As mentioned in Section 8.2, the difficult part of solving an NP-hard problem is finding the optimal objective function value. When solving a minimization problem, parametric pruning starts by determining a good lower bound on the objective function value, essentially by guessing: It tries larger and larger objective function values until it can no longer guarantee that a solution with the current objective function value does not exist. It then discards all parts of the input that are not part of a solution of this objective function value, solves a related but simpler problem on the pruned input, and uses the solution to this simpler problem to construct a solution to the original problem that is within a certain factor of the lower bound determined in the guessing step. This will become clearer using an example. We illustrate this technique using two variants of the metric \(k\)-center problem:

• In Section 10.1, we consider the metric \(k\)-center problem, where the goal is to choose a subset of \(k\) vertices, "centers", in a graph so that the maximum distance from any vertex in the graph to its closest center is minimized. We will use the parametric pruning technique to obtain a \(2\)-approximation for this problem.

• In Section 10.2, we prove that this \(2\)-approximation is the best possible, that is, that there is no algorithm for the metric \(k\)-center problem that achieves an approximation ratio better than \(2\) unless \(\textrm{P} = \textrm{NP}\). Note that this is stronger than simply providing a family of tight inputs for the algorithm in Section 10.1. It shows that no other algorithm can beat the approximation ratio achieved by this algorithm.

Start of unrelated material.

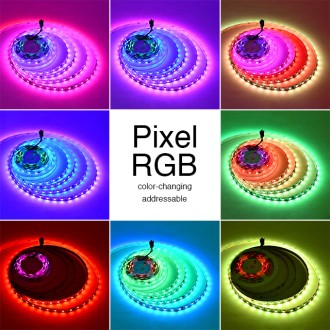 24V 16.4-ft TM1934 Addressable Dream Color Chasing Wave Pattern RGB Magic Pixel LED Flexible Ribbon Strip Light with 300xSMD5050 24V 16.4-ft TM1934 Addressable Dream Color Chasing Wave Pattern RGB Magic Pixel LED Flexible Ribbon Strip Light with 300xSMD5050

• In Section 10.3, we consider a generalization of the metric \(k\)-center problem where the vertices have associated costs. In this version of the problem, we aren't given a number of centers to pick. Instead, we are given a budget \(B\) and we are asked to pick a set of centers of total cost not exceeding \(B\). Again, the goal is to minimize the maximum distance of any vertex to its closest center. Using parametric pruning again, we obtain a \(3\)-approximation for this problem.